The translocation situation and phytohormone distribution are different in the individual host-pathogen-systems.
We examined the consequences of the morphological changes (Figures 2-4) on the physiological situation within the sieve elements.
In apple leaves the phloem mass flow velocity and the calculated volumetric flow rate decreased significantly (p<0.05) in infected leaves in comparison to healthy ones of - 25% and -58%, respectively (Figure 5a). In pear leaves the phloem mass flow velocity and the volumetric flow rate increased significantly for +32.6% and +46.6%, respectively (Figure 5b). In peach leaves the phloem mass flow velocity was not affected, but the volumetric flow rate decreased significantly (-30.8%; Figure 5c).

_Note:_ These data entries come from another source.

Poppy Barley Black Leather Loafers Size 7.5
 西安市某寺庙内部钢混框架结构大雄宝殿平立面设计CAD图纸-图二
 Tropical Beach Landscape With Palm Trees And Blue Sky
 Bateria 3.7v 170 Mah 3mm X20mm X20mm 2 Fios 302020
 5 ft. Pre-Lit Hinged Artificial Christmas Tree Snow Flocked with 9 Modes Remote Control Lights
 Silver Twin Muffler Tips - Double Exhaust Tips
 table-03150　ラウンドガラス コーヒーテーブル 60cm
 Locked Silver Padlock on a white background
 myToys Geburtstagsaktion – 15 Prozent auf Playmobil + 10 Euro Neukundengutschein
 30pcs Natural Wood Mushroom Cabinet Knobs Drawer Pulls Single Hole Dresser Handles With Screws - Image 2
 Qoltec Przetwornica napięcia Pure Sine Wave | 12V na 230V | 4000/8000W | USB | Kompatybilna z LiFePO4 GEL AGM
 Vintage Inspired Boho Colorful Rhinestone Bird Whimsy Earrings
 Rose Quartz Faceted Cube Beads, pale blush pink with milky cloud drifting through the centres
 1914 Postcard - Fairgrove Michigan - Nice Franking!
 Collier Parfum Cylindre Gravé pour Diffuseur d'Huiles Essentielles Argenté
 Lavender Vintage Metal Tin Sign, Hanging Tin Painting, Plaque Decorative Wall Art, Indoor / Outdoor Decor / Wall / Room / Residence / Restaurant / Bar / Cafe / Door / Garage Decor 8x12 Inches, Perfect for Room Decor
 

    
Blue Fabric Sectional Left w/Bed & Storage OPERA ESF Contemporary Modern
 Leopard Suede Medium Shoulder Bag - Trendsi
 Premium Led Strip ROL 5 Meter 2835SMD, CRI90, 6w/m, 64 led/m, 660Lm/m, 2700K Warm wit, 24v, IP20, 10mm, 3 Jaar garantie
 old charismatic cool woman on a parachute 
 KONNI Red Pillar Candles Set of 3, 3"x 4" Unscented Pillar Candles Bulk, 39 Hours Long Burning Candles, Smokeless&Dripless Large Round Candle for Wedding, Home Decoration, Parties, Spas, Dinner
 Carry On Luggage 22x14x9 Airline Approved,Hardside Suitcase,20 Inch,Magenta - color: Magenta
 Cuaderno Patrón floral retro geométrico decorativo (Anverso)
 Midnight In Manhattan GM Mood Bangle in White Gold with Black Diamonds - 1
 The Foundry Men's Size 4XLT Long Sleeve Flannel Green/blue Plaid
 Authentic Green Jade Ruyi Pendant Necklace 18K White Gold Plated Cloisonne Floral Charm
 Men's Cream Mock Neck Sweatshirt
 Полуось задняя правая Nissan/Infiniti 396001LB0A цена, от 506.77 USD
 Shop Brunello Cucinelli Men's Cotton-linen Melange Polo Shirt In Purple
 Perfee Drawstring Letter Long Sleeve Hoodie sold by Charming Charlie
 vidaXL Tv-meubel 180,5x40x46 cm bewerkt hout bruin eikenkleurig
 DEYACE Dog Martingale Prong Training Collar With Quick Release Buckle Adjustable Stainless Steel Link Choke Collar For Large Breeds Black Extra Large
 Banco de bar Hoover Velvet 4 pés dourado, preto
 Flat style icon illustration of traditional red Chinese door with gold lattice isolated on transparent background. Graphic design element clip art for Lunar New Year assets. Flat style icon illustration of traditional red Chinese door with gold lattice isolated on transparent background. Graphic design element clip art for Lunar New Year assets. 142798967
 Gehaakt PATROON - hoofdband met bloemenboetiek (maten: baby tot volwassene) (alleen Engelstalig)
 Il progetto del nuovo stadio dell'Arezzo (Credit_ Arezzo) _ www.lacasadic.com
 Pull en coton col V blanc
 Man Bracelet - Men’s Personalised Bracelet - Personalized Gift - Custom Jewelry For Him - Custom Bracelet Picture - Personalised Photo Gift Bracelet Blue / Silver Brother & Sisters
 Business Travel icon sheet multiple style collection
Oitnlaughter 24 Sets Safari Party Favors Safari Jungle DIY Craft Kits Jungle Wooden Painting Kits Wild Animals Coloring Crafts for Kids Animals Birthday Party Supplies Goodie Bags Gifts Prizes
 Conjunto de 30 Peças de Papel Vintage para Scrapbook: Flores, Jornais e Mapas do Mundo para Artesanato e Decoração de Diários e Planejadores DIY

The variating effects for the phloem mass flow indicated changes in the flow properties of the phloem sap. Thus, the dynamic viscosity, absolute and relative densities of phloem sap obtained by bark tissue centrifugation were measured (Table 2). For apple and peach, no changes were found. In contrast, the dynamic viscosity in infected pear plants was doubled (+104%) and also the relative density increased strongly (+97.7%) supporting any effects for the phloem mass flow (Figure 5b). Unfortunately, the peach plants did not deliver enough volumes of phloem sap for a complete analysis. For this reason, only the relative density could be determined without any significant changes. A comparative analysis of the phloem’s -relative density among apple, pear and peach revealed significant differences, illustrating a plant specificity of the phloem sap composition regarding total sugar content. The measured/calculated phloem mass flow parameters showed again heterogeneous effects of a phytoplasma infection (Figure 5, Table 2) and confirmed the variability of previous shown anatomical/morphological results (Figures 1 to 4).
To obtain indications for the changed mass flow translocation of the individual plant-phytoplasma variations the callose deposition in the SEs was visualized and its intensity comparably analysed (Figure 6). No differences of callose depositions were found for the phytoplasma infection, in comparison to healthy apple trees (Figure 6a). In contrast to apple, a rise of callose was found in peach (+300%) and pear (+67%; Figures 6b+c) showing a stronger impact into the anatomical and physiological balance in comparison to apple trees.
The stress situation of the plants was explored with the measurement of salicylic acid (SA), jasmonic acid-isoleucine (JA-Ile), jasmonic acid (JA), abscisic acid (ABA), 12-oxo-phytodienoic acid (cis-OPDA) and indole acetic acid (IAA) (Figures 7 and S1; Table S8) in leaves. In apple, SA (+109%), ABA (+55%) and JA-Ile (+78%) increased significantly (p<0.05) whereas a significant decrease of cis-OPDA (-45%) and no changes of JA and IAA were observed following an infection with the virulent accession 3/6 (Figures 7a and S1). No significant changes for the several measured phytohormones could be detected in pear trees (Figure 7b). In peach trees, SA (+192%), JA-Ile (+345%) and IAA (-40%) were significantly affected whereas JA and ABA did not show any significant changes (Figures 7b and S1). Moreover, the fundamental level of SA, ABA and cis-OPDA differed among healthy apple, pear and peach plants. For example, ABA was 6-fold higher in pear and 3-fold higher in peach compared to apple.
In accordance with the morphological and functional results, the effect of phytoplasma infections on the phytohormone contents revealed different patterns among particular host-pathogen combinations.